TASK BRIEF:
Only one span of the listing below should come back. It runs from the line with "Plaza de la Constitucion-Guadix必去景点" through the line with "Moline, IL 61265", and each of its lines must be reproduced exactly.

LISTED RECORDS:
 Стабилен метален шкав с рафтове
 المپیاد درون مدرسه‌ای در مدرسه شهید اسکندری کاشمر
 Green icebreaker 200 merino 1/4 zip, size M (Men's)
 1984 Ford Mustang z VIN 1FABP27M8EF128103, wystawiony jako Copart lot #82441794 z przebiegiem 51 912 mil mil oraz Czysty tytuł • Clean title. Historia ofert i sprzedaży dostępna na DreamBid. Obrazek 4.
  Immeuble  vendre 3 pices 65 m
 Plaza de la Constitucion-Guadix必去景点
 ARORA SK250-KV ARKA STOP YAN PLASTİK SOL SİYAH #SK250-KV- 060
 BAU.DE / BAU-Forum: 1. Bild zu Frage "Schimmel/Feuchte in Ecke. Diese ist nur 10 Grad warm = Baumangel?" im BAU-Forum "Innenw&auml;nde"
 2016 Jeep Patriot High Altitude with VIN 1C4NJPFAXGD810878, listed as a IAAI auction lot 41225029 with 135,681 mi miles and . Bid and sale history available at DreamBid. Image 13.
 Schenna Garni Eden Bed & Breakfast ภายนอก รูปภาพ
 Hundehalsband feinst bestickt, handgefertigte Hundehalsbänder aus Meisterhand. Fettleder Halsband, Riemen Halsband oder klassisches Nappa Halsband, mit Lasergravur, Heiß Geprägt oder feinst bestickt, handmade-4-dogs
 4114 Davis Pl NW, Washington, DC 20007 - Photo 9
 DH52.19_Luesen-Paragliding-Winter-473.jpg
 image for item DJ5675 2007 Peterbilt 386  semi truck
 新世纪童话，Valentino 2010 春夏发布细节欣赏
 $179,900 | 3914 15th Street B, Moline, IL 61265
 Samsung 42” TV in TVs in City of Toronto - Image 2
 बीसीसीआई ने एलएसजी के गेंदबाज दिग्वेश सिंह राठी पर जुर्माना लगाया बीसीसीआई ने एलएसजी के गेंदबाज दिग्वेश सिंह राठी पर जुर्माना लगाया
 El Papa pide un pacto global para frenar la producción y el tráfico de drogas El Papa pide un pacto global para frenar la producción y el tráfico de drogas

TASK SOLUTION:
 Plaza de la Constitucion-Guadix必去景点
 ARORA SK250-KV ARKA STOP YAN PLASTİK SOL SİYAH #SK250-KV- 060
 BAU.DE / BAU-Forum: 1. Bild zu Frage "Schimmel/Feuchte in Ecke. Diese ist nur 10 Grad warm = Baumangel?" im BAU-Forum "Innenw&auml;nde"
 2016 Jeep Patriot High Altitude with VIN 1C4NJPFAXGD810878, listed as a IAAI auction lot 41225029 with 135,681 mi miles and . Bid and sale history available at DreamBid. Image 13.
 Schenna Garni Eden Bed & Breakfast ภายนอก รูปภาพ
 Hundehalsband feinst bestickt, handgefertigte Hundehalsbänder aus Meisterhand. Fettleder Halsband, Riemen Halsband oder klassisches Nappa Halsband, mit Lasergravur, Heiß Geprägt oder feinst bestickt, handmade-4-dogs
 4114 Davis Pl NW, Washington, DC 20007 - Photo 9
 DH52.19_Luesen-Paragliding-Winter-473.jpg
 image for item DJ5675 2007 Peterbilt 386  semi truck
 新世纪童话，Valentino 2010 春夏发布细节欣赏
 $179,900 | 3914 15th Street B, Moline, IL 61265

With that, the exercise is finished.